An Albanian photographer known for his years of contribution to Life magazine, Gjon Mili is most well-known for his photographs that illustrate human movement through the use of external flashes. He was one of the first photographers to use stroboscopic photography – the use of a specially timed external light source to capture a sequence of motion. Many of his photographs have an eerie quality to them, one that seemingly could only be created through the use of multiple exposures. Gjon Mili is unique in the sense that although he didn’t use multiple exposures to create his images, he was the inspiration for many photographers who became interested in double exposure photography after him.
Duane Michals is an American born photographer who uses the technique of double exposure to create images that are dreamlike, whimsical, and a little eerie at times. His fascination with the dream state also extends into his fascination with creating and preserving memories, a theme that is seen in one of his well-known books, Sequences. In this book, his photographs and double exposed images are coupled with hand-written text that reveal more about his life and what the images mean to him.
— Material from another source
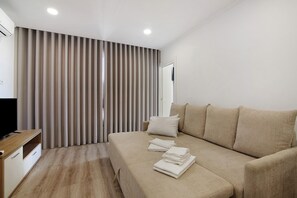 A modern hotel room with a large bed, a TV, and a window with blinds.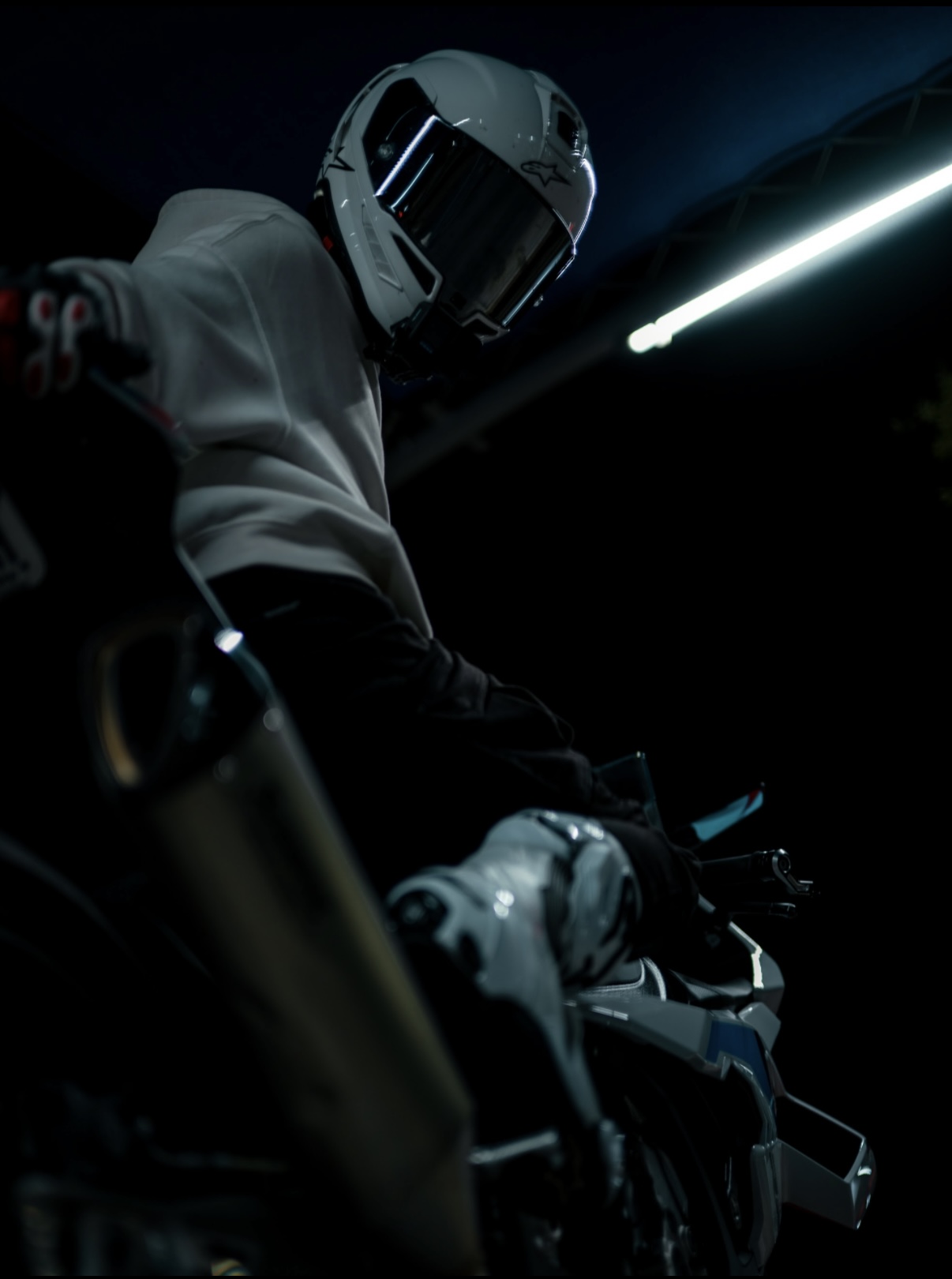 Blaze leaned forward over his BMW S1000RR, motion blur in the frame under garage lighting.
It is very likely that you have come across the famous surreal portrait of Salvador Dali jumping in the air while water flows across the composition and cats seem to be suspended in mid-air. This portrait was due to the artistic mind of Philippe Halsmann, of which Dali was a favorite subject. In collaboration with Dali, Halsmann created an entire book entitled Dali’s Mustache, in which he cuts up negatives, enlarges portions of images, and uses double exposure to create unusual portraits of the surrealist artist.
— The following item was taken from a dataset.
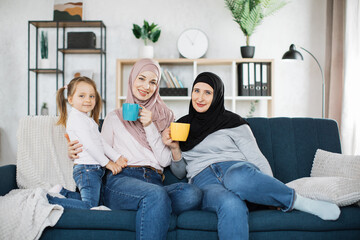 Three muslim female generations family portrait. Cute girl, islamic mom and grandma hold mugs of hot drinks. Mother, grandmother and granddaughter on couch at home, enjoying leisure time together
Freeman Patterson takes an interesting, unique approach to double exposure photography, straying away from the eerie and surrealist qualities of the technique and instead using it to create photographs that look like Impressionist paintings. Impressionism is a style of painting that originated in the 19th century, and was used to attempt to capture the changing effects of light and color over a period of time. Patterson uses two exposures of the same image, layered on top of each other yet shifted slightly, to give the same Impressionist feeling to his images.
Lee Kirby, like Gjon Mili (although much more modern) does not actually use the technique of double exposure in his images, yet the images themselves are inspired by photographers who have used double exposures in the past. Instead of layering images on top of one another, Lee Kirby uses a projector to actually project the second image onto his subjects, in a sort of real life double exposure. In many of his photographs, Kirby combines the use of projection with blurred movement to create images that sometimes look more like paintings than portraits.
Tamara Lichtenstein, a modern double exposure photographer, focuses on taking portraits that are filled with happiness and beauty and youth and sunny days. Her double exposures are dreamy and full of beautiful, bright colors, qualities that have made her quite popular within the Tumblr and Flickr community.
Christoffer Relander’s photographs are a prime example of what we can do with modern technology. His series of photographs, We Are Nature, are a series of stunningly beautiful double and triple exposures that are (almost unbelivably) done completely in-camera, with post-processing only being used for some tonal changes. We Are Nature is a series of portraits of humans that seem as if they are slowly changing into different ferns and trees.
Yanzhou Bao combines different photography techniques, including the use of multiple exposure, long exposure, and colored gels to create photographs with bright pops of color that play with motion and light. Many of his models wear loose, ethereal, futuristic clothing that only intensifies the dramatic quality of his portraits.
Have you played around with double exposure photography? There are still plenty of older film cameras available that allow you to create double exposures in-camera (and allow for a wonderful surprise once the film is developed), and will give you an idea of how the professionals used this technique in the past. Whether you want to go the old-school route or prefer to create your own multiple exposure images in Photoshop, the effects can be beautiful, surreal, and shocking; all you need is a bit of imagination.